“The Ooze” Select Blogger Book Review
“Static” by Ron Martoia (Tyndale, 2007) is one of those books that will speak to the person who already knows the truth the author is working to relate and to those who have never explored this ground. For the former, it will refresh and invigorate the concepts. For the latter, it will open a whole new door of understanding.
So what is this book about? Its about how the words many Jesus followers use to describe their faith often shuts down spiritual conversation instead of enhancing it. Our language creates ‘static’ and the author want us to learn to tune out the ‘Christian noise’ so both the Jesus follower and the not-yet-Christian can experience the real message of Jesus.
Although the style used in the book to communicate the message is not my favorite approach, it is effective. It takes the form of an ongoing dialog between the author and Jess and her husband Phil. Phil has been “sharing” with a Marty, a coworker. Seems Marty is now avoiding Phil and Phil can’t figure out why.
In the 241 pages, Martoia does a tremendous job exploring the language Phil and most Jesus followers use when talking with not-yet-Christians. Ron attempts to answer questions like “Why do people tune out the Christian message? Why are the words we use turning people off from the real message of Jesus? What if these words are causing misunderstandings about Jesus? What if we haven’t heard the whole story?”
To give you a taste, let me leave you with this line of thought from the book.
Martoia asks, “How many people do you know today who go around with feelings of guilt over their sin, over missed obligations, over offending God?”
Most people in our post Christian western world who are not followers of Jesus simply find no connection with the idea that they are sinners in need of a savior and therefore don’t connect with our “gospel.” “That doesn’t mean they are accurate in their self-assessment, but it does explain why they have moved on to other conversations,” say Martoia. Further, the author explains why Jesus dying on the cross for our sins so that we can go to heaven doesn’t even reflect the story that people in the first century would have understood when explaining the word gospel.

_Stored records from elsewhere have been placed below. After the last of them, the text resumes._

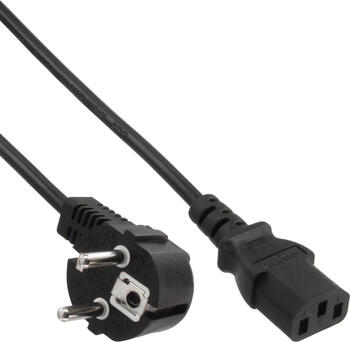 2&comma;5m Netzkabel Schutzkontakt gewinkelt auf Kaltger&auml;testecker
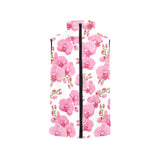 pink purple orchid pattern background Men's Padded Vest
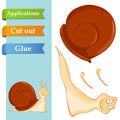 Create paper application the cartoon fun Snail. Use scissors cut parts of Slug and glue on the paper. Education logic game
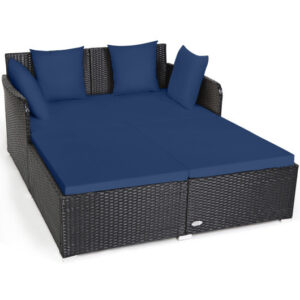 Spacious Outdoor Rattan Daybed with Upholstered Cushions and Pillows-Navy - Color: Navy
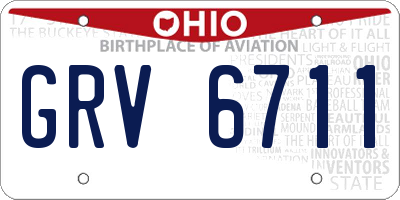 OH license plate GRV6711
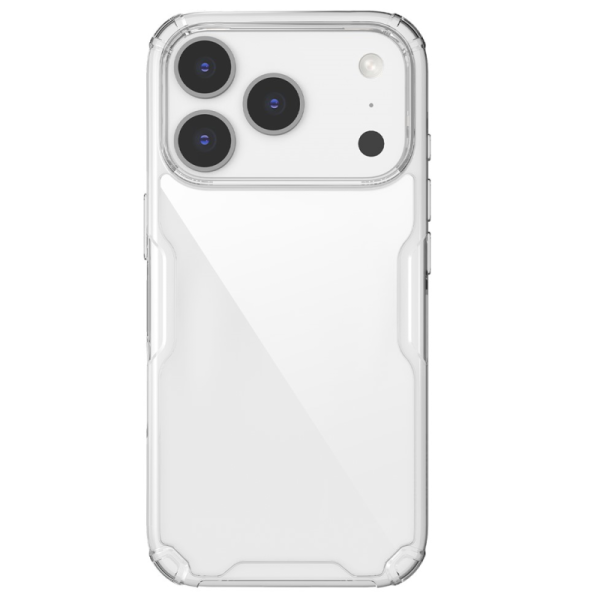 „Nillkin“ Nature TPU Pro sustiprintos apsaugos kieto silikono (TPU) dėklas - skaidrus (iPhone 17 Pro)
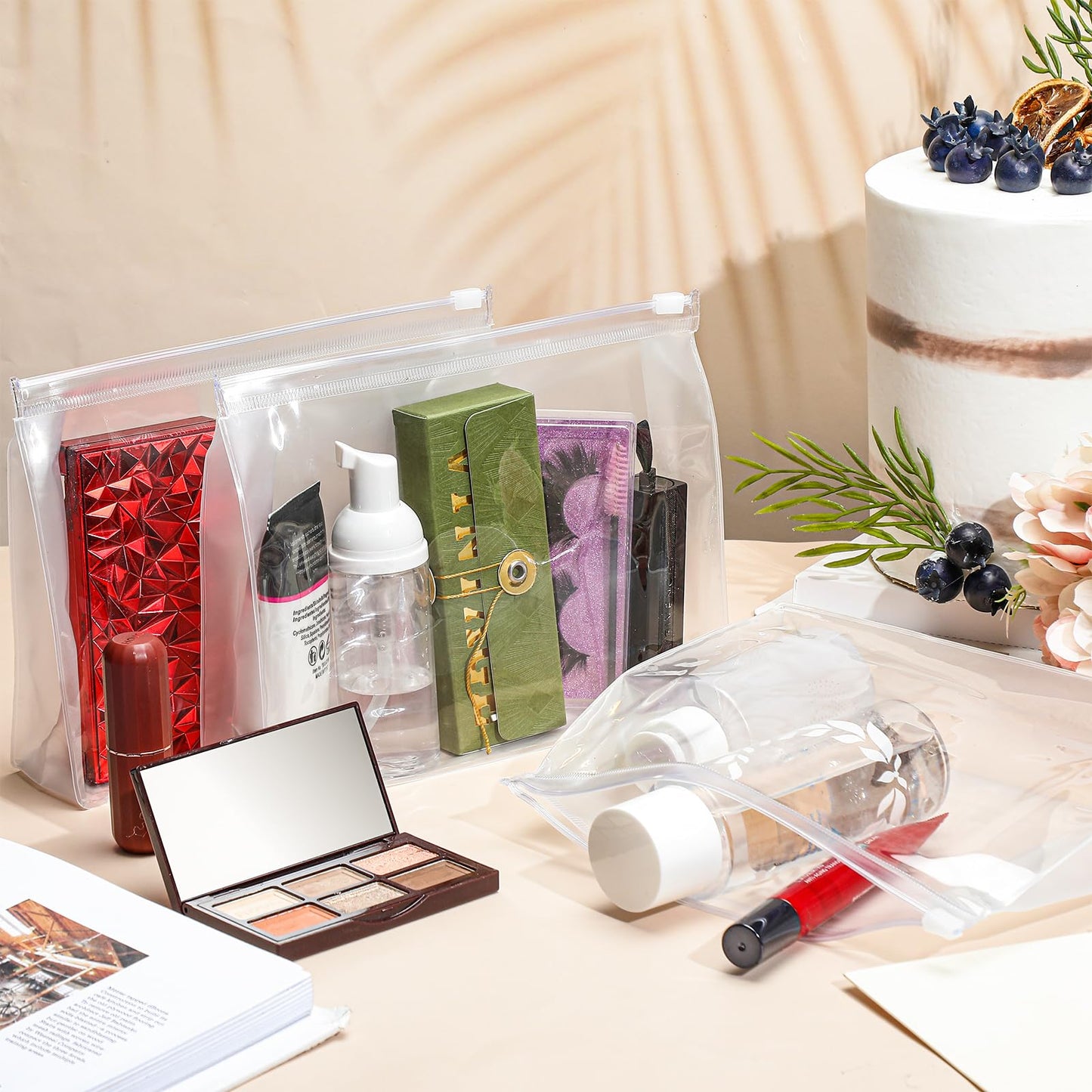 Xuniea 50 Pieces Mini Clear Makeup Bag Small Clear Zipper Pouch Travel Bag for Toiletries Plastic Cosmetic Organizer Waterproof for Women Men Vacation(9.8'',Transparent)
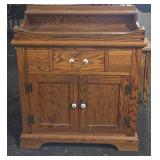 Oak Washstand With Drawer and Cabinet Doors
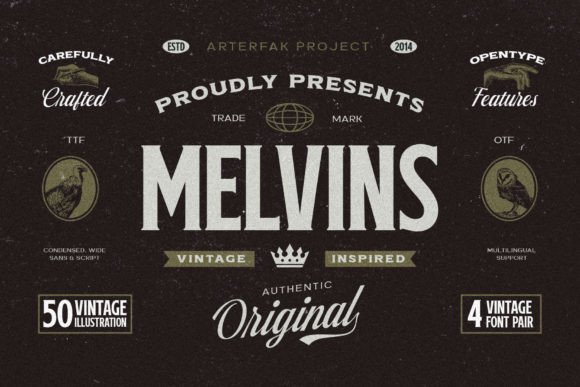 Melvins: A Vintage-Inspired Font Collection for Timeless Design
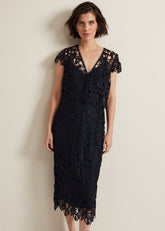 Meghan Lace Double Layer Dress Navy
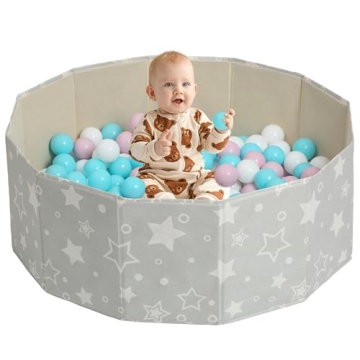 PLAY 10 Ball Pit for Toddlers, Baby Ball Pit, Play Pit for Dog, 33.5x12.2 Inch Foldable Ball Pit Ind...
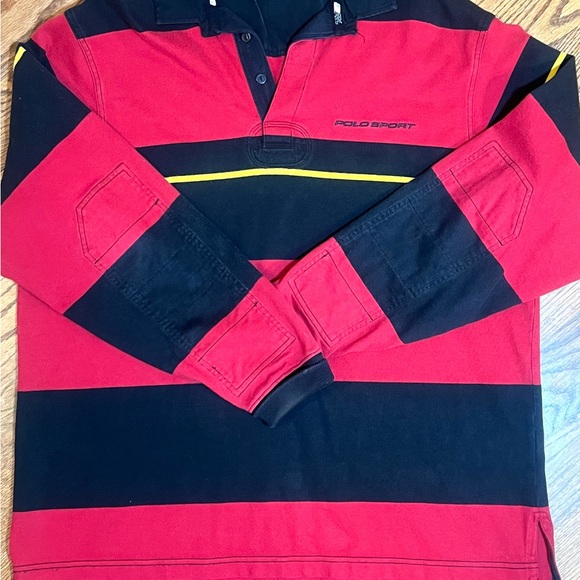 Polo Sport by Ralph Lauren Red and Black Striped‎ Shirt - Picture 2 of 12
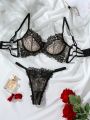 Embroidery Mesh Patchwork Sexy Lingerie Set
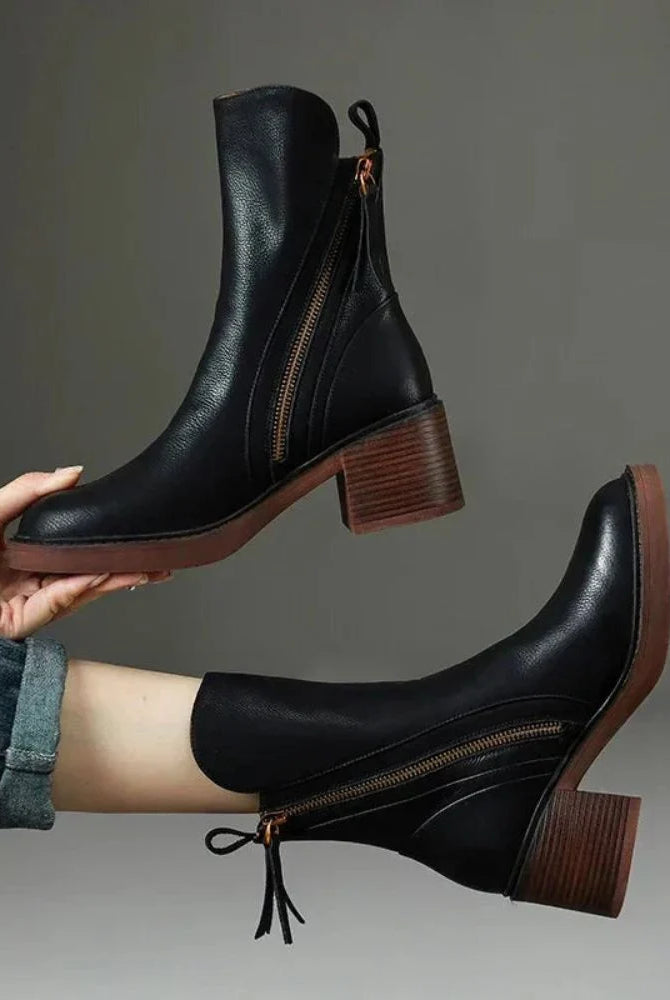 Vera Block Heel Boots | Faux Leather, Round Toe, Black 1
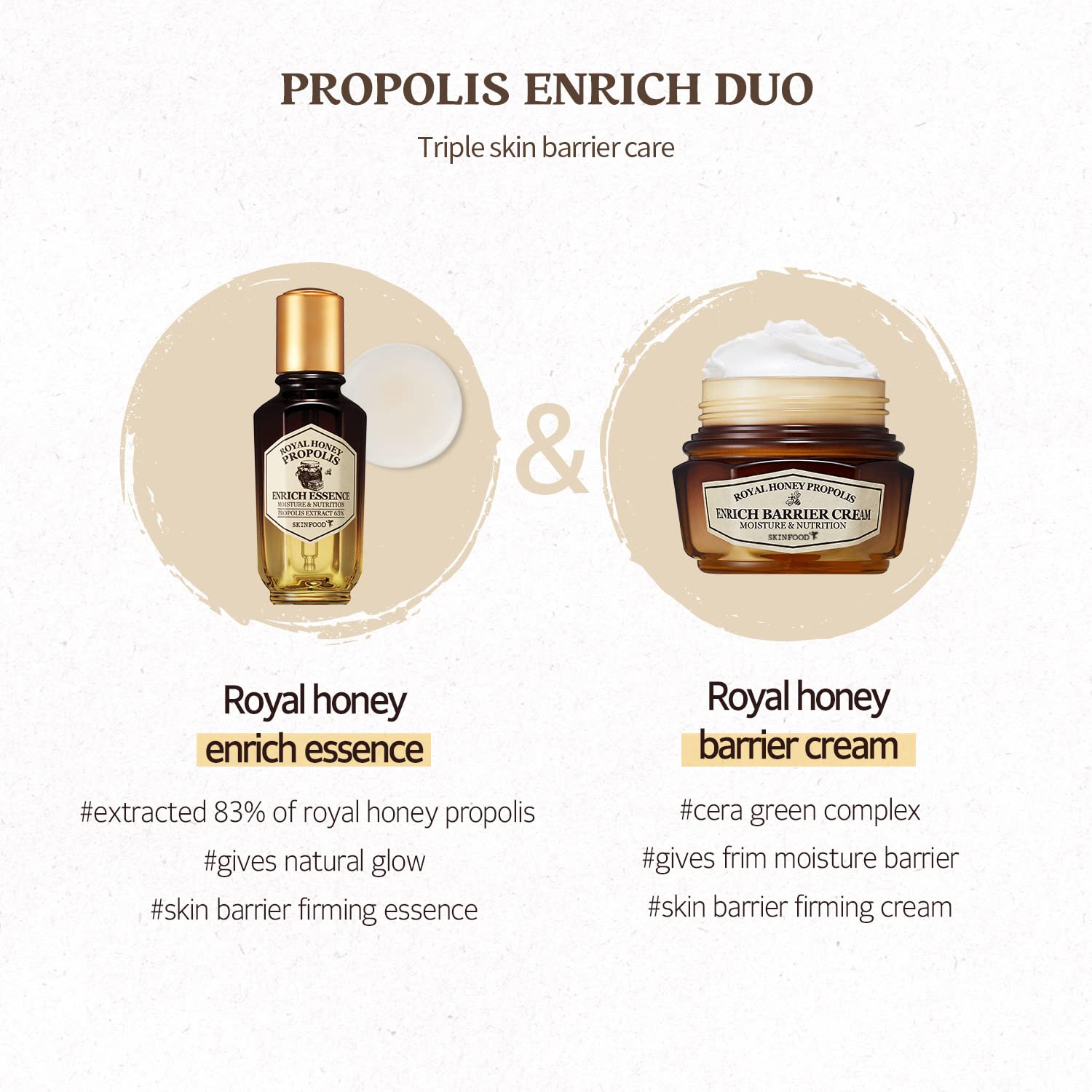 Bathroom setting featuring SKINFOOD 1957 Royal Honey Propolis Enrich Barrier Cream ritual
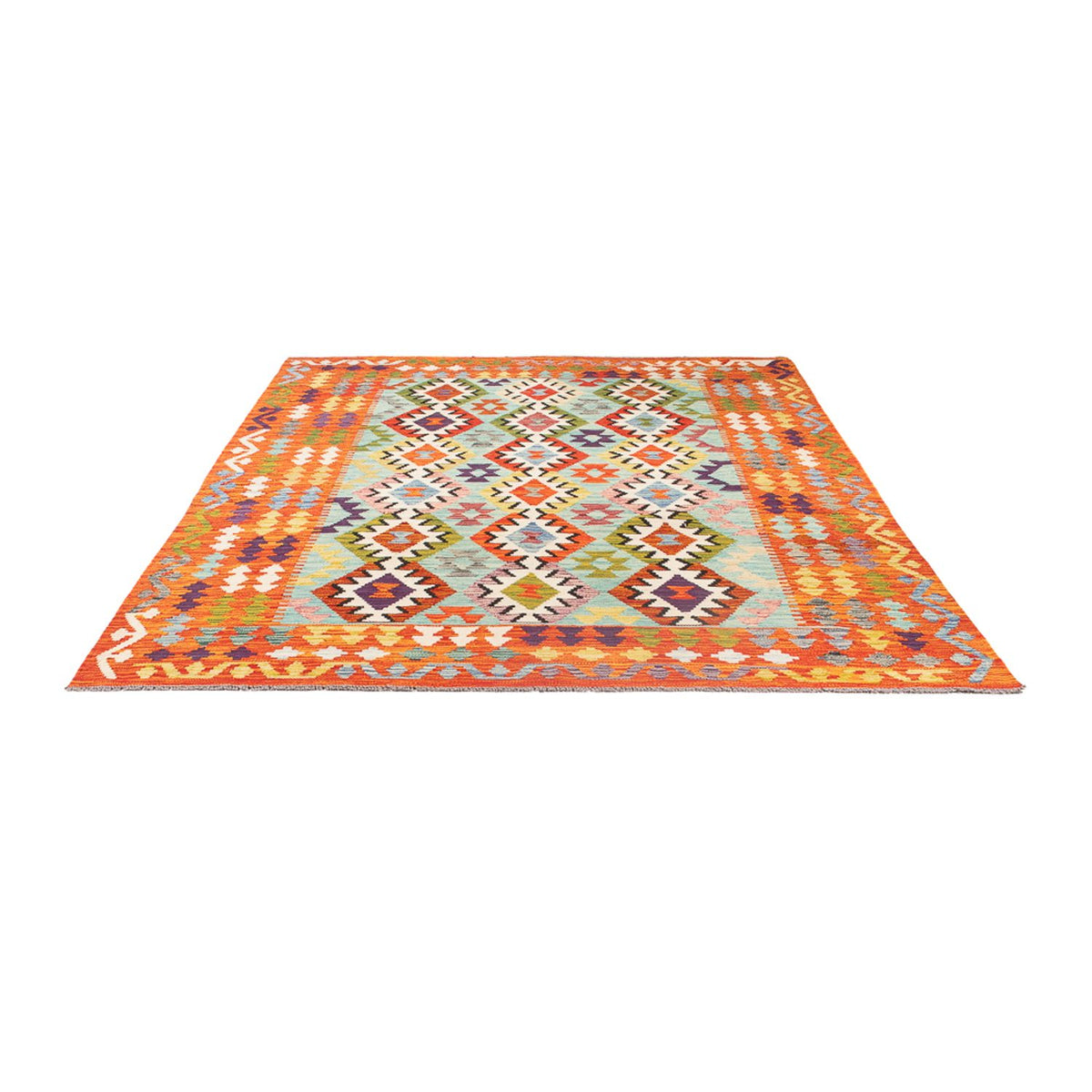 Tapis Kelim - Splash - 247 x 176 cm - multicolore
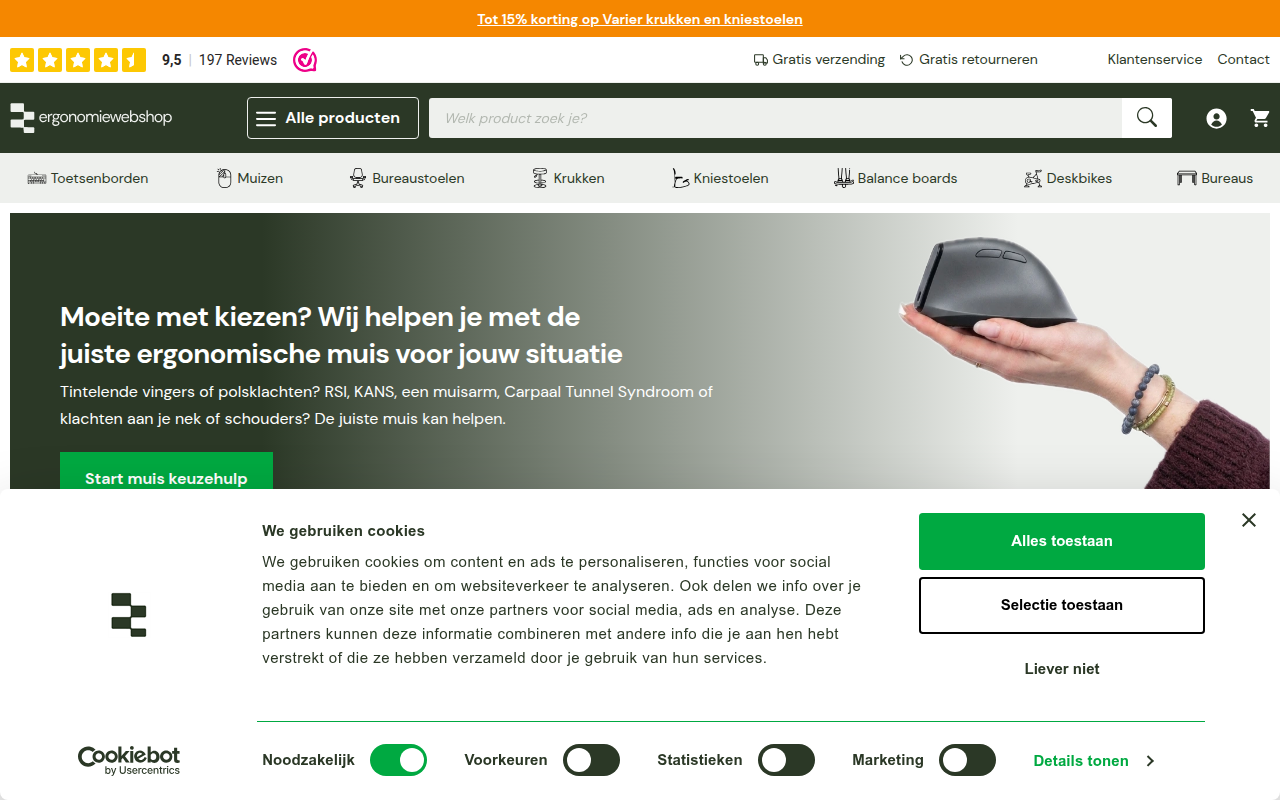 Screenshot van ergonomiewebshop.nl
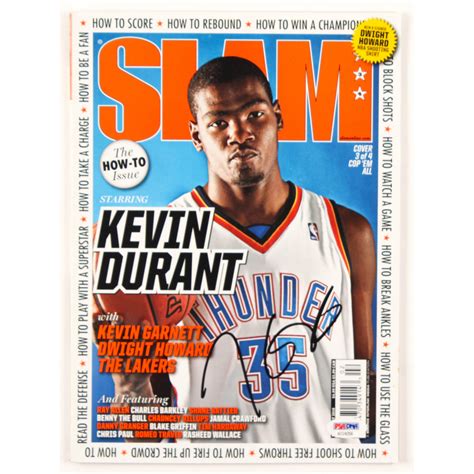 Kevin Durant Signed Slam Magazine Psa Coa Pristine Auction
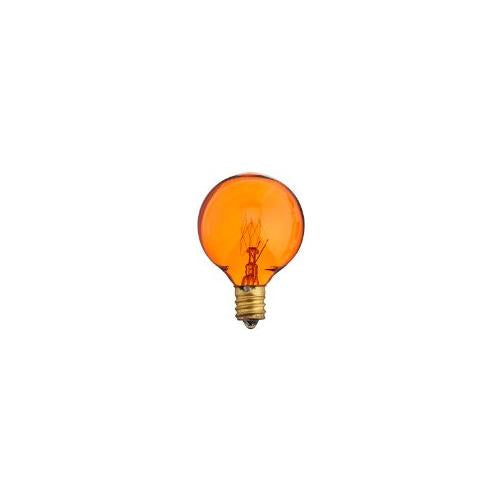 Bulbrite 10G12A 10 Watt Incandescent G12 Globe, Candelabra Base, Transparent Amber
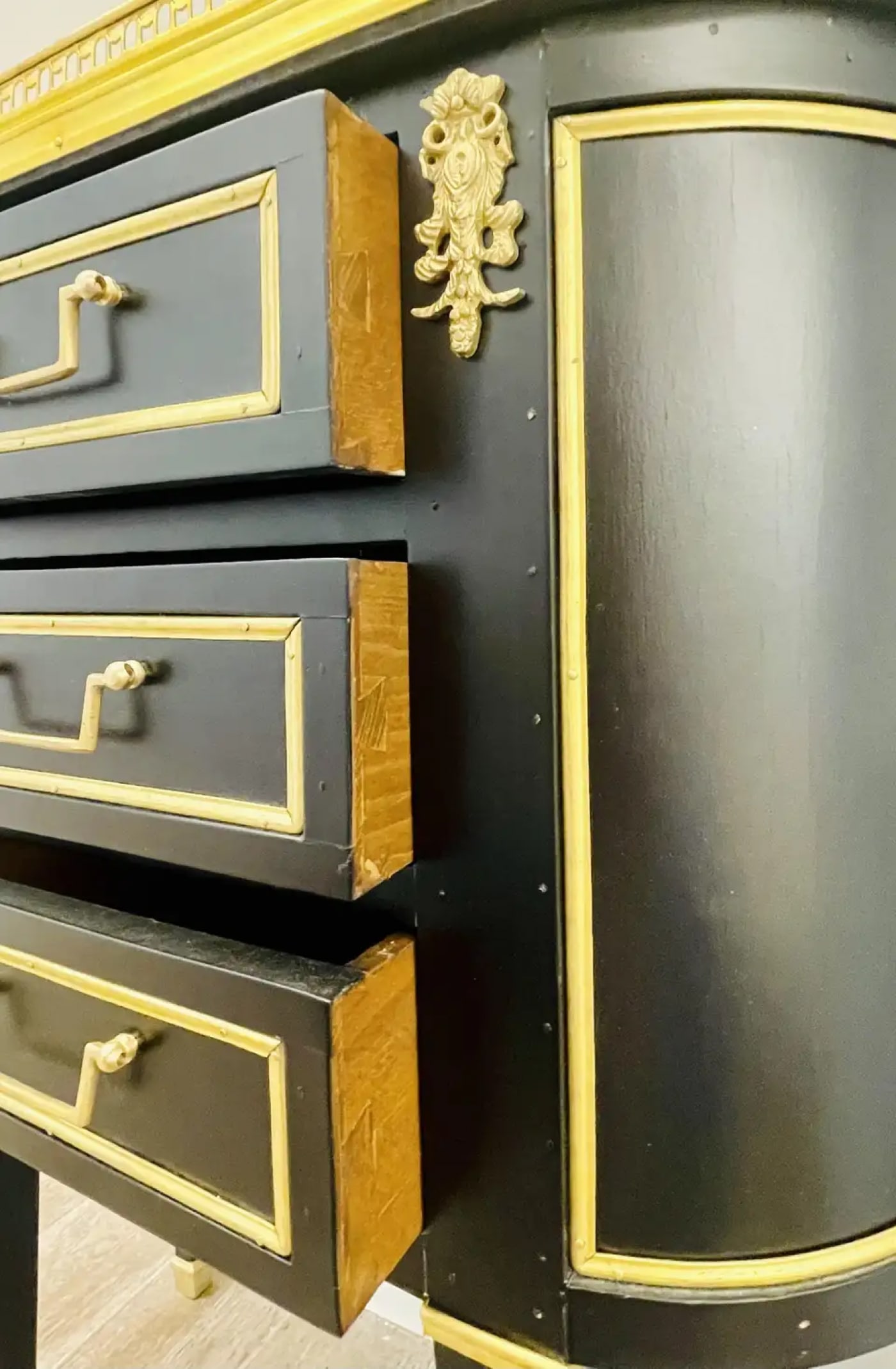 Pair of Jansen Inspired Marble-Top Galleried Ebonized End Tables / Nightstands - 11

What’s the answer? You’ll have to read the book, but as Chuck Smith Jr. writes, Martoia guides “us back through original language in its original setting [and] brings us to a gospel that is a divine newsflash, as compelling today as it was in the first century.”
For those who read and enjoy Scot McKnight, you will also like this book. You can hear the echo of Scot throughout, who, not surprising, Ron credits as a major influencer.
Any of you read this book yet? If so, what was your take?